**REQUIREMENT**
Retype every line of the records exactly.

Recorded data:

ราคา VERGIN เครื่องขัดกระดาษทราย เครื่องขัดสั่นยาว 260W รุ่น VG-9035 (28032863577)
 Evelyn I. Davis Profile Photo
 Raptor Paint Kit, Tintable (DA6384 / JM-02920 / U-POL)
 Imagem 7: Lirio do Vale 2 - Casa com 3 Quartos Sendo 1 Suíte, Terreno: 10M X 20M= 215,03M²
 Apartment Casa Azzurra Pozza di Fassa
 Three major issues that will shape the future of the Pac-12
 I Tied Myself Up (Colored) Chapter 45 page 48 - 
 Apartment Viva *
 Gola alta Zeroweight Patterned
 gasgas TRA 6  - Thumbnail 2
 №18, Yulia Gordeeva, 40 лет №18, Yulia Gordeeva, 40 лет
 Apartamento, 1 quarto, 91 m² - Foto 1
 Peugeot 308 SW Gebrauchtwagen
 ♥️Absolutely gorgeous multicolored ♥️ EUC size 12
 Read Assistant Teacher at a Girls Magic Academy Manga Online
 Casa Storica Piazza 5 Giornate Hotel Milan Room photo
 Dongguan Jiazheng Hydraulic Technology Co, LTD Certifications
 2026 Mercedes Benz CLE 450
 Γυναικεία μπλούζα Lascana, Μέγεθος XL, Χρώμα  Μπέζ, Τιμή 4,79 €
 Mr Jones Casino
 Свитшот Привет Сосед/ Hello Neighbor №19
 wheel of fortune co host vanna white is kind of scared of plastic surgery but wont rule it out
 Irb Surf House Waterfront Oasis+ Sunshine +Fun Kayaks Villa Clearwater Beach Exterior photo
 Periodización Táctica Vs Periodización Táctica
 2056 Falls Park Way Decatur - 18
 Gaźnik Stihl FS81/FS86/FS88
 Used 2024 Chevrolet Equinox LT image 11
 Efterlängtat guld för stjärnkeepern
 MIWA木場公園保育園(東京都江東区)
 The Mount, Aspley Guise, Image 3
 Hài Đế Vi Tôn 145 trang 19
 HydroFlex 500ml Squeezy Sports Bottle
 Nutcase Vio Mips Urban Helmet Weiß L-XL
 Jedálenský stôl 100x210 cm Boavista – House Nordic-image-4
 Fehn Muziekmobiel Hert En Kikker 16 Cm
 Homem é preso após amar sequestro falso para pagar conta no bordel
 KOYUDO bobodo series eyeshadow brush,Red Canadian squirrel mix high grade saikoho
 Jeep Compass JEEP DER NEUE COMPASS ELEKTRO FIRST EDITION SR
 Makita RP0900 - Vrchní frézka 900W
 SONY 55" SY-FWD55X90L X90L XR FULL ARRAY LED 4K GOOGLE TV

**WRITTEN RESPONSE**
ราคา VERGIN เครื่องขัดกระดาษทราย เครื่องขัดสั่นยาว 260W รุ่น VG-9035 (28032863577)
 Evelyn I. Davis Profile Photo
 Raptor Paint Kit, Tintable (DA6384 / JM-02920 / U-POL)
 Imagem 7: Lirio do Vale 2 - Casa com 3 Quartos Sendo 1 Suíte, Terreno: 10M X 20M= 215,03M²
 Apartment Casa Azzurra Pozza di Fassa
 Three major issues that will shape the future of the Pac-12
 I Tied Myself Up (Colored) Chapter 45 page 48 - 
 Apartment Viva *
 Gola alta Zeroweight Patterned
 gasgas TRA 6  - Thumbnail 2
 №18, Yulia Gordeeva, 40 лет №18, Yulia Gordeeva, 40 лет
 Apartamento, 1 quarto, 91 m² - Foto 1
 Peugeot 308 SW Gebrauchtwagen
 ♥️Absolutely gorgeous multicolored ♥️ EUC size 12
 Read Assistant Teacher at a Girls Magic Academy Manga Online
 Casa Storica Piazza 5 Giornate Hotel Milan Room photo
 Dongguan Jiazheng Hydraulic Technology Co, LTD Certifications
 2026 Mercedes Benz CLE 450
 Γυναικεία μπλούζα Lascana, Μέγεθος XL, Χρώμα  Μπέζ, Τιμή 4,79 €
 Mr Jones Casino
 Свитшот Привет Сосед/ Hello Neighbor №19
 wheel of fortune co host vanna white is kind of scared of plastic surgery but wont rule it out
 Irb Surf House Waterfront Oasis+ Sunshine +Fun Kayaks Villa Clearwater Beach Exterior photo
 Periodización Táctica Vs Periodización Táctica
 2056 Falls Park Way Decatur - 18
 Gaźnik Stihl FS81/FS86/FS88
 Used 2024 Chevrolet Equinox LT image 11
 Efterlängtat guld för stjärnkeepern
 MIWA木場公園保育園(東京都江東区)
 The Mount, Aspley Guise, Image 3
 Hài Đế Vi Tôn 145 trang 19
 HydroFlex 500ml Squeezy Sports Bottle
 Nutcase Vio Mips Urban Helmet Weiß L-XL
 Jedálenský stôl 100x210 cm Boavista – House Nordic-image-4
 Fehn Muziekmobiel Hert En Kikker 16 Cm
 Homem é preso após amar sequestro falso para pagar conta no bordel
 KOYUDO bobodo series eyeshadow brush,Red Canadian squirrel mix high grade saikoho
 Jeep Compass JEEP DER NEUE COMPASS ELEKTRO FIRST EDITION SR
 Makita RP0900 - Vrchní frézka 900W
 SONY 55" SY-FWD55X90L X90L XR FULL ARRAY LED 4K GOOGLE TV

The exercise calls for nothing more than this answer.